Communities
Three communities work to connect all stakeholders involved in research in three major scientific domains.
The Cancer Community: Oncosphère Bordeaux
The Oncosphère Bordeaux project, led by the University of Bordeaux in collaboration with Inserm, CNRS, Institut Bergonié, CHU Bordeaux and the Nouvelle-Aquitaine Regional Council, aims to unite and promote all research efforts focused on cancer within the Bordeaux metropolitan area. This collective initiative is driven by an interdisciplinary scientific community of over 800 people.
Oncosphère Bordeaux plans to bring together most of its components on a single site, or even within a single facility, in order to create a unique and internationally renowned research ecosystem. This will foster inter-community collaboration to enhance attractiveness, innovation, knowledge transfer, and patient care. The project is part of the larger Oncosphère Nouvelle-Aquitaine initiative, which also includes sites in Limoges, Poitiers, La Rochelle, and Pau, broadening its research and development potential through regional complementarity.
Researchers affiliated with Oncosphère Bordeaux have authored over 10,000 scientific publications in international journals since 2007, nearly 50% of which have appeared in the top 10 most influential journals. They collaborate with research teams in more than 20 countries.
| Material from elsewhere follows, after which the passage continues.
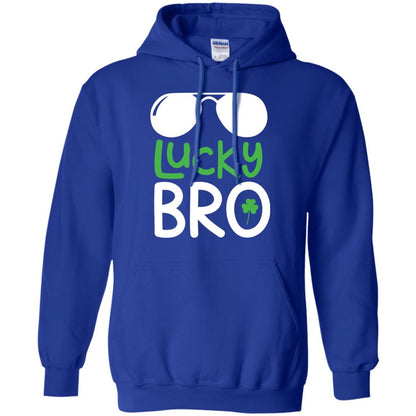 Lucky Bro St. Patrick_s Day T-shirt Royal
The teams have filed a substantial number of patents—186 over the past 10 years—with two-thirds still active. Technological teams have a particularly high patent retention rate, with 74% still active. According to the International Patent Classification (IPC), the OncoBio and OncoSTIM teams share 55 IPC codes.
Professor Pierre Soubeyran is the coordinator of the Oncosphère project for Bordeaux and the Nouvelle-Aquitaine region.
The Microbiology Community: MicroBioNA
The Biological and medical sciences (SBM) research department includes around twenty research teams that are internationally recognized for their expertise and scientific output in the field of fundamental and medical infectious microbiology. This community, composed of around sixty researchers and teacher-researchers, is spread across the UMR MFP, BRIC (BaRITOn), IBGC, ImmunoConcEpT, MRGM, and LAMC.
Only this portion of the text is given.